The nature of Lawrence’s pronouncements on the new age and the new ethic is such that he can very well be described as a ‘moral terrorist’; Kant’s term for historians who think that the evident corruption of the world presages an immediate appearance, in one form or another, of anti-Christ. But he was also what Kant, in the same work (The Disputation of the Faculties) calls an ‘abderitist,’ namely one who explains history in terms of culture-cycles. More specifically, and perhaps more recognisably, he was a Joachite.

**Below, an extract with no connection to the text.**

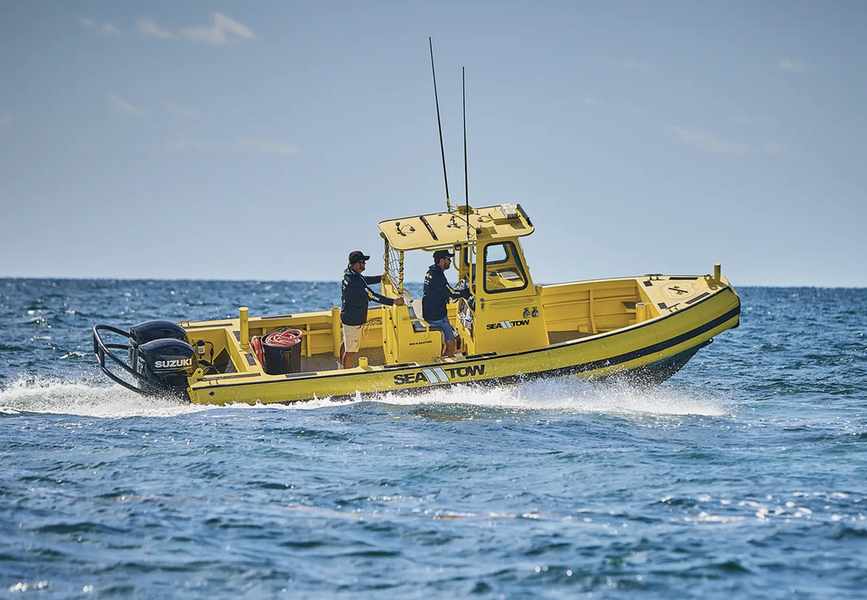 Navigating the Changing Landscape of Marine Assistance in 2026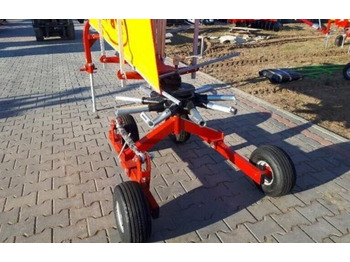 Сеноворошилка JAR-MET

Where Lawrence, who was to call himself Joachim in The Plumed Serpent, got his Joachitism from one can only guess. A possible source is Huysmans’ Là-Bas (‘Two of the Persons of the Trinity have shown themselves. As a matter of logic, the Third must appear’). But Joachitism is a hardy plant, and as Frank E. Manuel says in Shapes of Philosophical History, it was particularly abundant in the literature of the French decadence and so could have formed part of that current of occultist thinking to which Lawrence was so sensitive. The doctrine varies a bit, but broadly it postulates three historical epochs, one for each person of the Trinity, with a transitional age between each. The details are argued out of texts in Revelation.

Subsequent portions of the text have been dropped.